--- RECORDED INFORMATION Enclosed Below ---
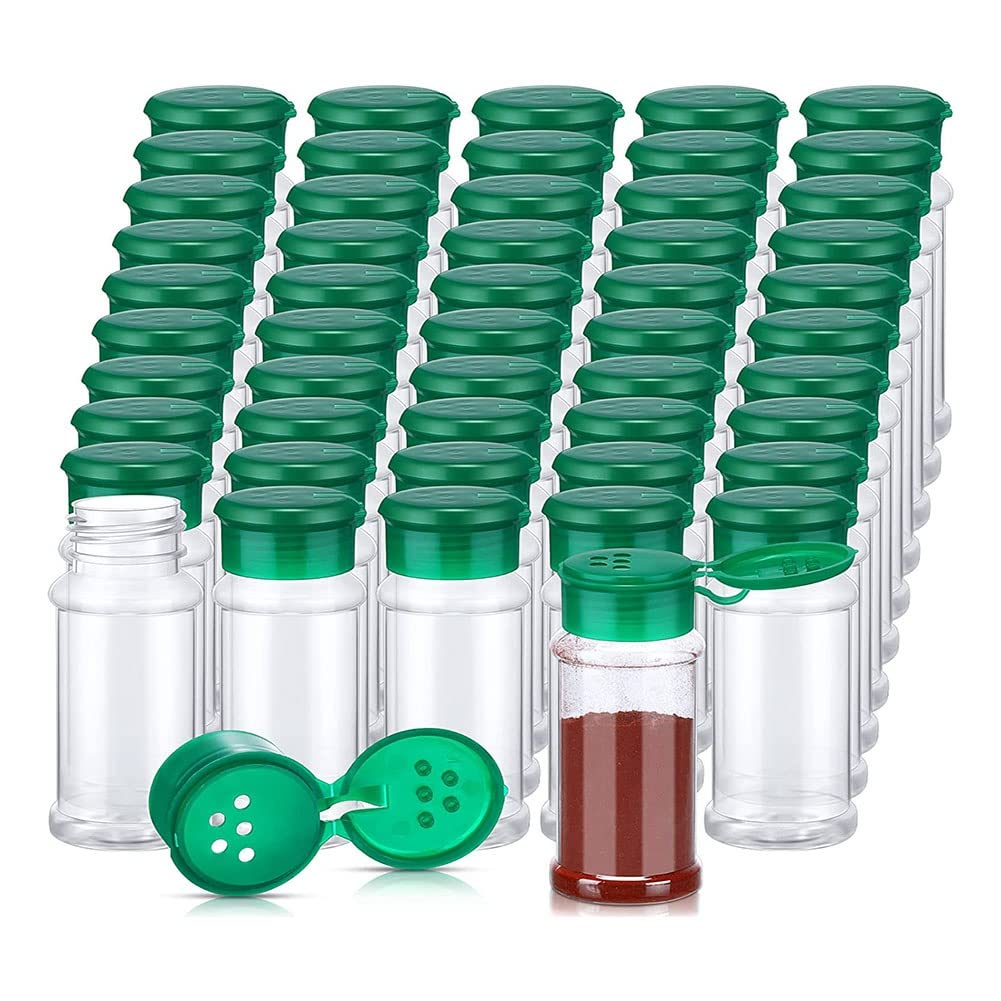 50 Barattoli Per Spezie In Plastica Trasparente 200ml Con Coperchio Shaker Nero E Tappo A Ribalta - Contenitori Per Condimenti, Erbe E Polveri - 2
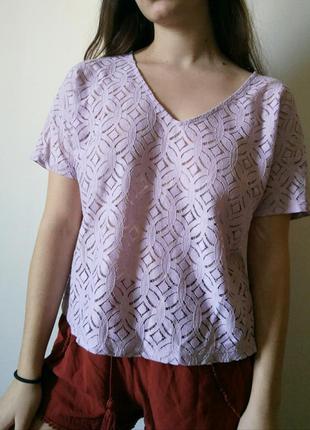 Sale! кружевная блуза лавандового цвета1 фото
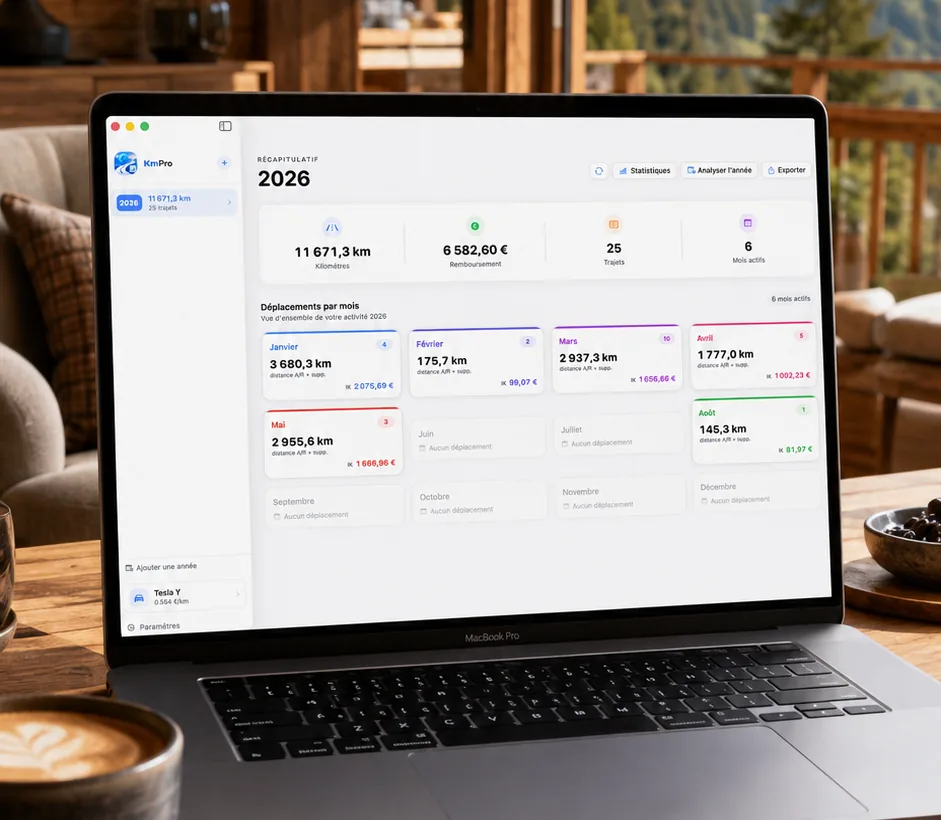 MacBook affichant la vue annuelle KmPro avec les kilomètres, les montants et le détail mois par mois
--- End of Enclosed RECORDED INFORMATION ---
_WORK INSTRUCTION_
Repeat the material verbatim. Do not carry over any picture.

_EXERCISE SOLUTION_
 50 Barattoli Per Spezie In Plastica Trasparente 200ml Con Coperchio Shaker Nero E Tappo A Ribalta - Contenitori Per Condimenti, Erbe E Polveri - 2
 Sale! кружевная блуза лавандового цвета1 фото
 MacBook affichant la vue annuelle KmPro avec les kilomètres, les montants et le détail mois par mois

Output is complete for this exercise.